L'argent, nerf de la guerre

Décryptage 2 reviendra sur le traitement médiatique du conflit, mais pas seulement. Ce second volet, sous-titré A la vie, aura une vision bien plus large : essayer de comprendre comment Israël a pu se reconstruire après 2 000 ans. Une façon aussi de contrer l'Iranien Ahmadinejad qui affirme que l'Etat juif doit son existence à un cadeau de l'ONU après la Shoah. Triosième point abordé par le documentaire : expliquer haut et fort que ceux qui menacent Israël menacent aussi les libertés occidentales. « Israël est la première ligne de front et ensuite il y en a une deuxième avec le terrorisme international qu'on a pu voir à Londres et Madrid. »
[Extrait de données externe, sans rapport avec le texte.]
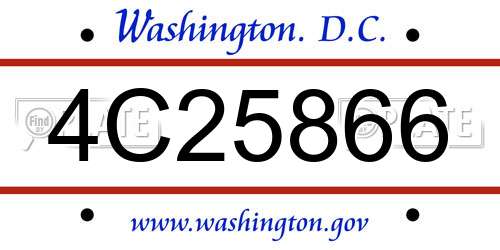 4C25866 District Of Columbia License Plate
Bensoussan et Tarnero attendent aujourd'hui le top départ pour s'atteler à leur documentaire de 100 minutes. Ils aimeraient démarrer cet été pour une sortie en salle en septembre 2010.
Pour l'heure, ils stockent, compilent, conservent tout ce qu'ils voient, « le film s'écrit au montage ». Reste un hic : l'aspect financier. Sur les 800 000 euros de budget nécessaires pour la réalisation du projet, seuls 500 000 ont été récoltés (pré-achats TV, avaloir distributeur). 300 000 font encore défaut. Un budget raisonnable par rapport aux 5 millions d'euros en moyenne pour les longs-métrages français, mais l'achat des droits de documents inédits coûte cher. Exit les images de l'INA (Institut national de l'audiovisuel) vues et revues sur la création d'Israël, Bensoussan veut aller chercher des pellicules couleur, inédites, de l'autre côté de l'Atlantique : les Etats-Unis tournaient déjà en 16 mm en 1948. Le tandem auteur-réalisateur compte ainsi sur les dons de particuliers, déductibles des impôts, « une façon de réaliser un acte militant de soutien à Israël ». « Celui qui investit est non seulement assuré de retrouver sa mise, mais aussi de gagner de l'argent. Le film est sûr de sortir, nous avons déjà un distributeur en France et aux Etats-Unis », note Bensoussan qui prévoit 100 000 entrées. Et pour cause, Décryptage 2 pourra bénéficier de l'énorme succès remporté par le premier volet.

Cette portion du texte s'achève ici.